The last few years in the United States have seen a chorus-line of watershed moments for the cannabis industry, but revisions to 2018’s Farm Bill were perhaps the most silent and significant. Despite some persisting legal murkiness around how and where hemp and CBD products can be purchased and shipped, this federal action has led to widespread distribution of CBD products like tinctures, lotions, sodas, gummy bells—even hemp flower you can smoke. CBD has made the news. Everyone is talking about what it can do for people suffering from scores of chronic medical issues. Some ask how well cbd gummies bears benefits work and what are the effects.

Addiction is a brain disease and needs to be managed like any other chtonic disease. On this site recoverydelivered.com use medications that can stop cravings, block wihdrawal symptoms so you do not feel dope-sick and block the high from heroin and opioids.

Proposition E – Partial allocation of Hotel Tax for Arts and Cultural purposes. YES.

Do you remember Prop S in 2016? It was a better version of this. But the backers of S have brought us C and E in this election and I am here for both. Currently hotel taxes go to San Francisco’s general fund. When the hotel tax was initially established in 1961, it was to woo tourists with cultural facilities. But, it was amended over time to eventually fund the general fund and the Moscone Center. If approved, this would allocate 1.5% of the 8% hotel tax back to arts and culture. The rest stays in the general fund. VOTE YES.

Assessor Recorder – Paul Bellar

Carmen Chu’s political career is a story of political appointments and incumbent elections. And, here is another incumbent election for her, except it is in a race against a property tax nerd who wants to address a major flaw in the existing system: accountability. She’s been fine, but he’d be great and that’s how my vote goes.

Public Defender – Jeff Adachi

Jeff Adachi is a great public defender running unopposed. He is addressing racial disparities in arrests and sentencing and he is a vocal proponent for overdue bail reform. Yay.

District 2 Supervisor – Nick Josefowitz

While I align politically most with Josefowitz of the D2 candidates, I take issue with how we throws around his money to get what he wants. It is just icky.
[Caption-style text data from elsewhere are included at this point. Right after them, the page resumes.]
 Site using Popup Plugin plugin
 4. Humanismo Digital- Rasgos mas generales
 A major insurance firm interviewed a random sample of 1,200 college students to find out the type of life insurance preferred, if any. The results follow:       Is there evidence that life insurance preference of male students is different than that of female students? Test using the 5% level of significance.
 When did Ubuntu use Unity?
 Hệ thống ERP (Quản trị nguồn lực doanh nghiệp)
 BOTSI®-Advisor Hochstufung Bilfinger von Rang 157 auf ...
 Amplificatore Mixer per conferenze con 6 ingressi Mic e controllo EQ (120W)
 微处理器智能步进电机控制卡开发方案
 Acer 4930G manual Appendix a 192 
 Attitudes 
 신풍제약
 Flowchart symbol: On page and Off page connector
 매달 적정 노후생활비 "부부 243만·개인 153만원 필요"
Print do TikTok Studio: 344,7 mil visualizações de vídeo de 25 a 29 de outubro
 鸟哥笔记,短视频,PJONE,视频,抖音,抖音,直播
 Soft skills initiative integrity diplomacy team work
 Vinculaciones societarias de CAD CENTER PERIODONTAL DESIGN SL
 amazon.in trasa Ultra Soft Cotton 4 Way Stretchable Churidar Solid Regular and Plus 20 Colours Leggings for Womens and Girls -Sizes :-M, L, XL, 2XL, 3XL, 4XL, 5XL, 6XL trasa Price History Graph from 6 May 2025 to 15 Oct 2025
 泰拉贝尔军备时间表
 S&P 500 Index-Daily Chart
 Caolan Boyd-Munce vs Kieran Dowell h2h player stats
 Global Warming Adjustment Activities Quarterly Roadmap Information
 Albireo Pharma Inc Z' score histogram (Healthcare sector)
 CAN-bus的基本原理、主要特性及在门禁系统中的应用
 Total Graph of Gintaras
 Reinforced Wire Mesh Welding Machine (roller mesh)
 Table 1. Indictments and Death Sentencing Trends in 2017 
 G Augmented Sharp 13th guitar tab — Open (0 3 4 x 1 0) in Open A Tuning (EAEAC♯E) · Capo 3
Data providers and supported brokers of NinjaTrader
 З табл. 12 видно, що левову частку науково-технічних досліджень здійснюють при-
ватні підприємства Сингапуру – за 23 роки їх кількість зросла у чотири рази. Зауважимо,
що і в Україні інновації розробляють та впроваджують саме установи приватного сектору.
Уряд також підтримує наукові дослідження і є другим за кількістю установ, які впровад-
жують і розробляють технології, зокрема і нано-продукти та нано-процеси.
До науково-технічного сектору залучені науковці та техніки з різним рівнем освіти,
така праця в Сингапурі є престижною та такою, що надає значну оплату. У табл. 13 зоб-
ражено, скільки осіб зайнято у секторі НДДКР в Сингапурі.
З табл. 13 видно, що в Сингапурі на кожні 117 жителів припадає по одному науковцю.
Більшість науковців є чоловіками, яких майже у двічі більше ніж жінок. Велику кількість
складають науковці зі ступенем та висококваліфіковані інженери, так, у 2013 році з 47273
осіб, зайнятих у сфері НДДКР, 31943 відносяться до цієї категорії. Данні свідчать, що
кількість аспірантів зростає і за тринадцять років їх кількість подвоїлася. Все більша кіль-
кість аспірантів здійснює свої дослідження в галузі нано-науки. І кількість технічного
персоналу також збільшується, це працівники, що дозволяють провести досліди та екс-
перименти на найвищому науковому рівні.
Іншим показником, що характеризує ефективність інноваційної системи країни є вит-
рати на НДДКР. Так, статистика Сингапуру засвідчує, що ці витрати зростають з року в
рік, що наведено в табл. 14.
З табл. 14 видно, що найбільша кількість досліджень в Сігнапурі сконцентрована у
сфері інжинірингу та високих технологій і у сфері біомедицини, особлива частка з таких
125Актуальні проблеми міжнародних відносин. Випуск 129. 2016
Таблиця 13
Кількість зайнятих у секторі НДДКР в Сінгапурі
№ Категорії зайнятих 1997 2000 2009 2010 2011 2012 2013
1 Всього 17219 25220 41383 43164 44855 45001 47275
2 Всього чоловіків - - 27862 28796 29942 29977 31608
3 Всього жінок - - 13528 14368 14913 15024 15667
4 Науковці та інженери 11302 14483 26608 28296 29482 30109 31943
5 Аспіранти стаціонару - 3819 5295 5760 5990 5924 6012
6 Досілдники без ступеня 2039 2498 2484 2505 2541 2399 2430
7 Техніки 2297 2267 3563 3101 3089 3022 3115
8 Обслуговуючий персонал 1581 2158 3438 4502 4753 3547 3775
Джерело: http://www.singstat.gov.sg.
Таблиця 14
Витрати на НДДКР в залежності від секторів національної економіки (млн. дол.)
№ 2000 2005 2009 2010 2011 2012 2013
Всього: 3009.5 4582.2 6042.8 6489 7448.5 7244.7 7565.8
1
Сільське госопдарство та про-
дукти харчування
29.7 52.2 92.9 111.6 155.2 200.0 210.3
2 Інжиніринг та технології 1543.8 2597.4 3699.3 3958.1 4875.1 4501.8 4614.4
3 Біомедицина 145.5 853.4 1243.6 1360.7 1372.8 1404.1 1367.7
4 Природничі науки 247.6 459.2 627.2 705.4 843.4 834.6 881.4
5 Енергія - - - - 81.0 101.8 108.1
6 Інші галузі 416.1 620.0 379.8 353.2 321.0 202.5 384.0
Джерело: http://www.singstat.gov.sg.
Even if we agree that bikeshare should be citywide. But I don’t have another candidate I like better. Sorry, District 2.

District 4 Supervisor – Gordon Mar

A grassroots community organizer and brother of former supervisor Eric Mar. He has a stellar resume and supports immigrant rights, workers rights, and the environment.

District 6 Supervisor – Matt Haney

For this race I paid attention to which campaign the developers funded, and it wasn’t Matt Haney’s! Meanwhile his endorsements shine like the stars. He has an impressive resume and he is very polished.

District 8 Supervisor – Rafael Mandelman

Didn’t we just elect this guy? Oh yes, we did. But we elected Mandelman to finish Scott Weiner’s term when we sent Scott to the state senate. Now we must re-elect Mandelman for a full term of his own.

District 10 Supervisor – Theo Ellington

Theo Ellington is deeply engaged in the District 10 doing grassroots community development work; he fought the coverup of the toxic waste disaster and its mismanagement at the Hunters Point Shipyard, and he isn’t accepting campaign contributions from corporations. A candidate you can feel good voting for.

Oh hey! You made it to the end. Nice work. Now go out there and vote!